Sure, let's break this problem down step-by-step to find the equivalent mass of sodium thiosulfate ([tex]\(Na_2S_2O_3 \cdot 5H_2O\)[/tex]).
### Step 1: Write the Chemical Reaction
The reaction given is:
[tex]\[ 2 S_2O_3^{2-} + I_2 \longrightarrow S_4O_6^{2-} + 2 I^{-} \][/tex]
### Step 2: Identify the Oxidation State Change
The hint suggests:
[tex]\[ 2 S_2O_3^{2-} \longrightarrow S_4O_6^{2-} + 2 e^{-} \][/tex]
From this, we see that two thiosulfate ions ([tex]\(S_2O_3^{2-}\)[/tex]) combine to form one tetrathionate ion ([tex]\(S_4O_6^{2-}\)[/tex]), releasing 2 electrons in the process.
### Step 3: Determine the Molar Mass
We need to determine the molar mass of [tex]\(Na_2S_2O_3 \cdot 5H_2O\)[/tex]. We use the atomic masses of each element:
- Sodium (Na): 23 g/mol
- Sulfur (S): 32 g/mol
- Oxygen (O): 16 g/mol
- Hydrogen (H): 1 g/mol
Calculating the molar mass:
[tex]\[
\text{Molar Mass of } Na_2S_2O_3 \cdot 5H_2O = 2(23) + 2(32) + 3(16) + 5(2(1) + 16) \\
= 2(23) + 2(32) + 3(16) + 5(18) \\
= 46 + 64 + 48 + 90 \\
= 248 \text{ g/mol}
\][/tex]
### Step 4: Number of Electrons Transferred
From the reaction, we see that 2 moles of [tex]\(S_2O_3^{2-}\)[/tex] release 2 electrons (e^-).
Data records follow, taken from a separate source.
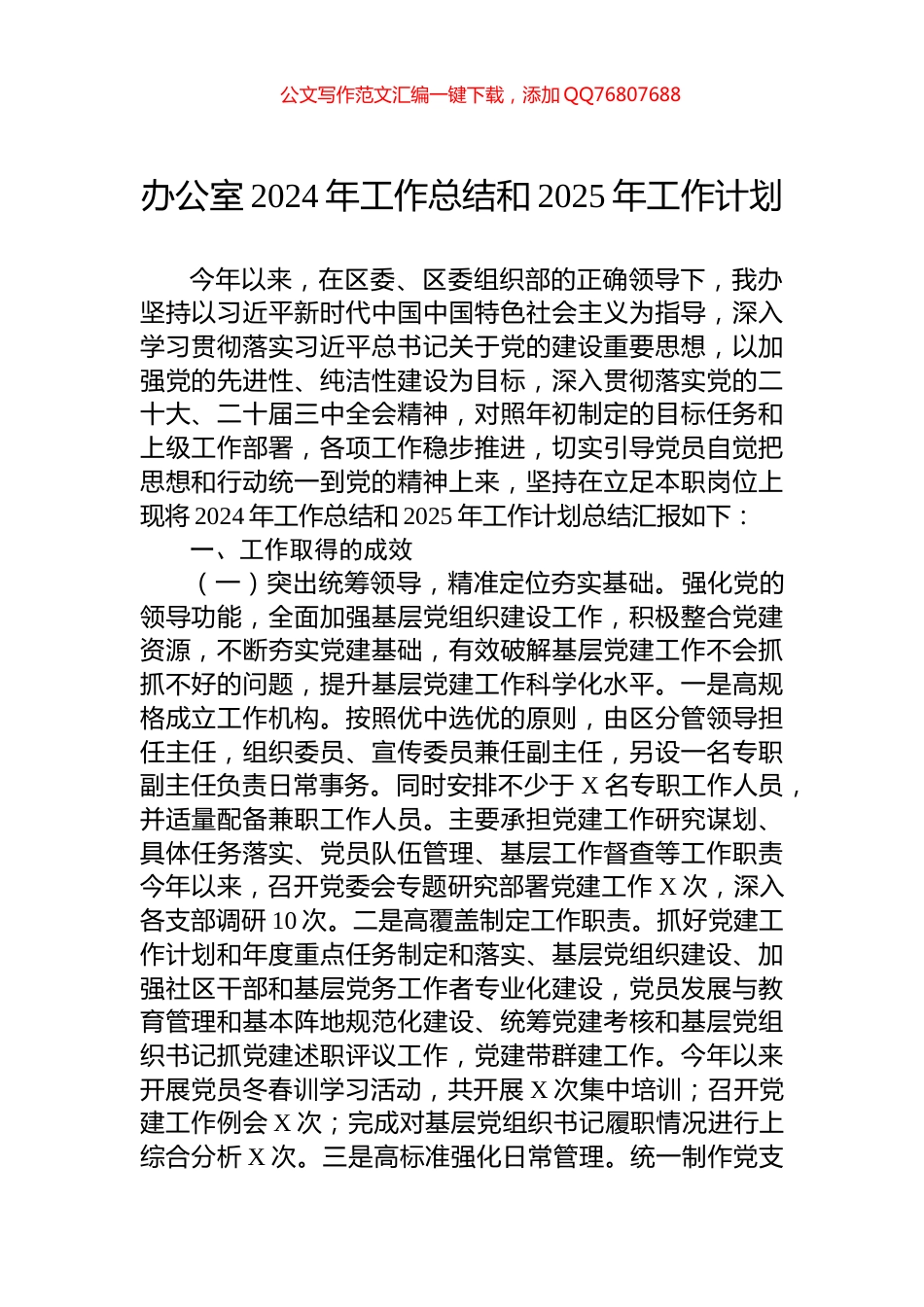 办公室2024年工作总结和2025年工作计划_第1页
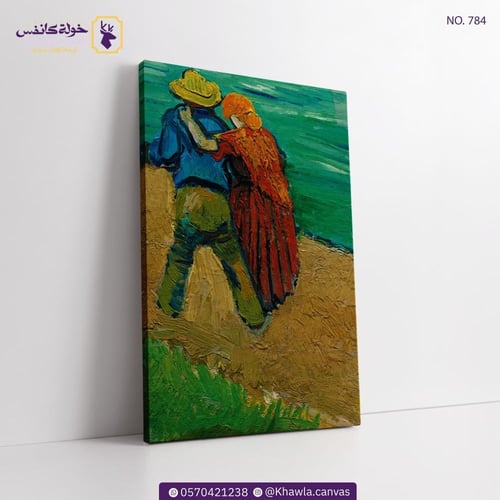 محبة دائمة-فان جوخ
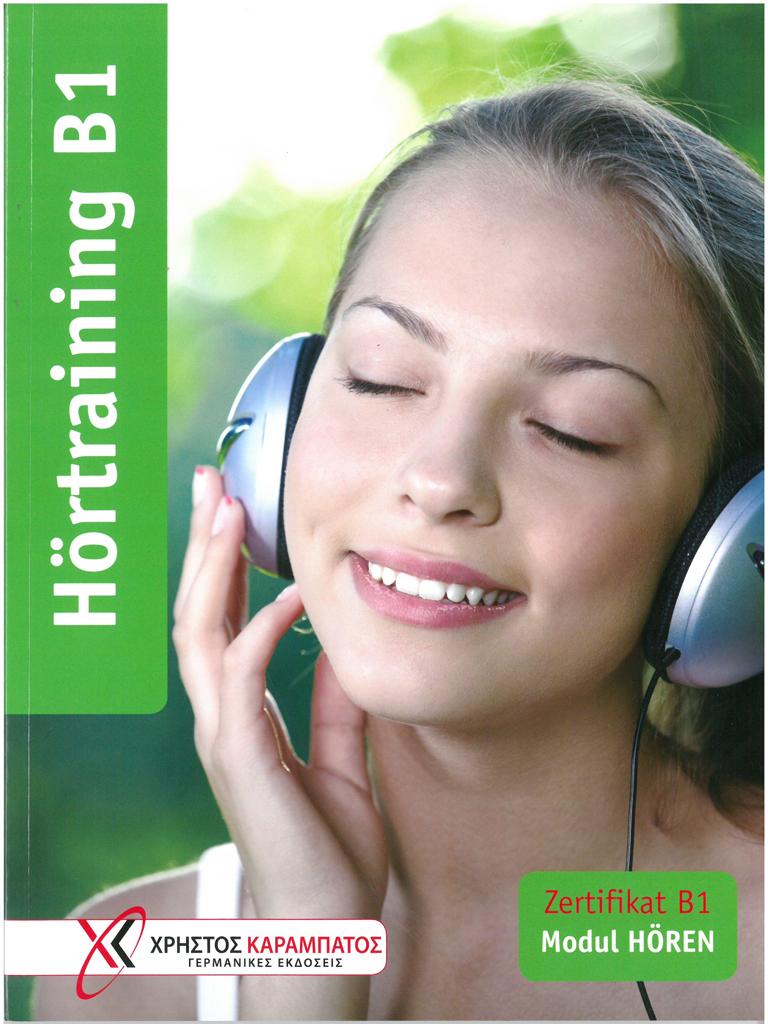 HORTRAINING B1 1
This means that 1 mole of [tex]\(S_2O_3^{2-}\)[/tex] releases 1 electron.
### Step 5: Calculate the Equivalent Mass
Equivalent mass ([tex]\(E\)[/tex]) is defined as:
[tex]\[ \text{Equivalent mass} = \frac{\text{Molar mass}}{\text{Number of electrons transferred per mole}} \][/tex]
Here, 1 mole of [tex]\( Na_2S_2O_3 \cdot 5H_2O \)[/tex] corresponds to 1 mole of [tex]\( S_2O_3^{2-} \)[/tex] which transfers 1 electron. However, we consider the complete compound itself for the calculation.
Thus, the equivalent mass is:
[tex]\[
E = \frac{\text{Molar Mass of } Na_2S_2O_3 \cdot 5H_2O}{\text{Number of electrons transferred}} = \frac{248 \text{ g/mol}}{2} = 124 \text{ g/equiv}
\][/tex]
### Final Answer:
The equivalent mass of [tex]\(Na_2S_2O_3 \cdot 5H_2O\)[/tex] is [tex]\( 124 \text{ g/equiv} \)[/tex].